→ Task requirements
Write out exactly the first lines of the listing, ending on the line that contains "Tinel Rooms Old City Center-2".

************

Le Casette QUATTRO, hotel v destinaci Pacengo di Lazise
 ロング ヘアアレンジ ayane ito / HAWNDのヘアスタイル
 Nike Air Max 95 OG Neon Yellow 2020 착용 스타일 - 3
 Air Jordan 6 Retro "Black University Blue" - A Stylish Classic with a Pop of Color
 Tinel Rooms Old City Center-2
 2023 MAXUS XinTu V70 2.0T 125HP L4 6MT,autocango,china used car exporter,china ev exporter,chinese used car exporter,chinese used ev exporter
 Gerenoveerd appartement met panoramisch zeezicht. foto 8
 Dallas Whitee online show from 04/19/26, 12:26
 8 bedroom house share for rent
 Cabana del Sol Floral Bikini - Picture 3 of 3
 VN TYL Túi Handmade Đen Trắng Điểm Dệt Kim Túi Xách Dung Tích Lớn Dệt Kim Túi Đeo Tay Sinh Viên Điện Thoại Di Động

************

→ Written solution
Le Casette QUATTRO, hotel v destinaci Pacengo di Lazise
 ロング ヘアアレンジ ayane ito / HAWNDのヘアスタイル
 Nike Air Max 95 OG Neon Yellow 2020 착용 스타일 - 3
 Air Jordan 6 Retro "Black University Blue" - A Stylish Classic with a Pop of Color
 Tinel Rooms Old City Center-2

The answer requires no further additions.